Non faremo come una nostra illustre collega che recensisce il film parlando solo di quello di Carpenter. Non ci sottraiamo mai alla necessità della cronaca, per quanto siano a volte tristi doveri. Certo che la tentazione è forte.
Il seguito di Halloween 1978 ricalca, infatti, per lo più fedelmente che più fedelmente non si può la storia originale. Non la raccontiamo, è un classico ormai della cultura popolare.
Fatto sta che i tempi passano, che le opere perfette non possono facilmente essere affrontate con successo e che forse i remake che sono stati fatti in questi anni, per quanto modesti, almeno avevano la giocosa irrequietezza di chi non si pone grandi obiettivi e può essere consumato senza tante riflessioni. Questo invece ha Jamie Lee Curtis nel seguito del ruolo che l’ha resa famosa all’epoca.

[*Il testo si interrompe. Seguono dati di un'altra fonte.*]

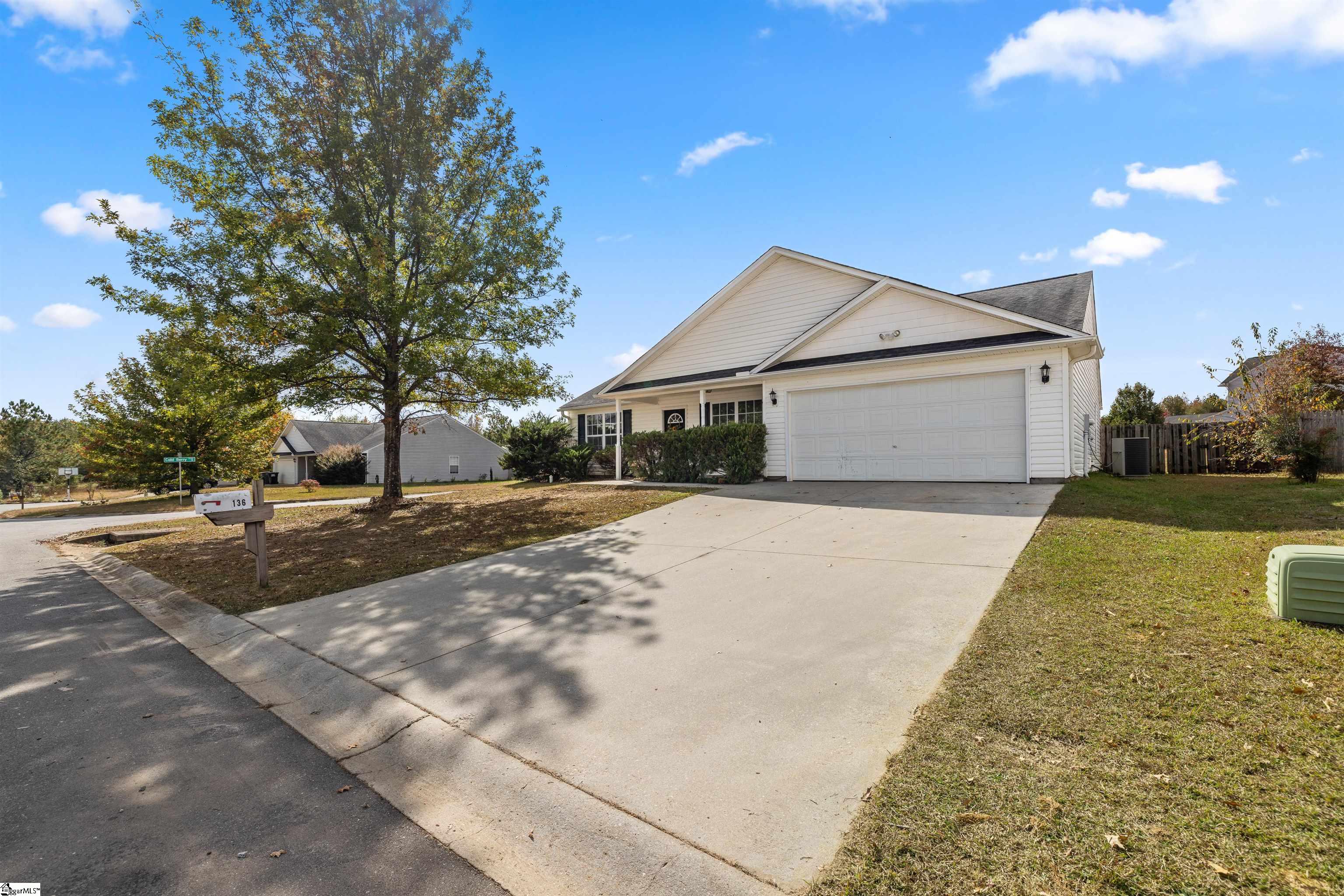 136 Strawberry Place Anderson, SC 29624 - Photo 2 of 30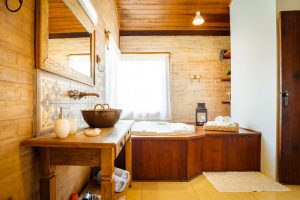 Velinn Hotel Fazenda Fonte das Hortênsias tem chalés pet friendly com lareira e hidromassagem para experiências românticas em Santo Antônio do Pinhal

Dobbiamo necessariamente considerarlo roba seria.
La nostra è infatti molto brava ed anche coraggiosa a mostrare i segni del tempo nel suo corpo invecchiato, così come il film mostra abbondantemente la mancanza di freschezza che l’epoca ed un tale impegno comporta, soprattutto quando non si hanno vere idee e si trema di fronte all’immensità del compito che si è incautamente affrontato.
Il film è più una riflessione sull’autunno del tempo che passa e lascia i suoi segni, con qualche ironico siparietto dove si fa la parodia del politicamente corretto, forse tutto sommato le parti più gradite.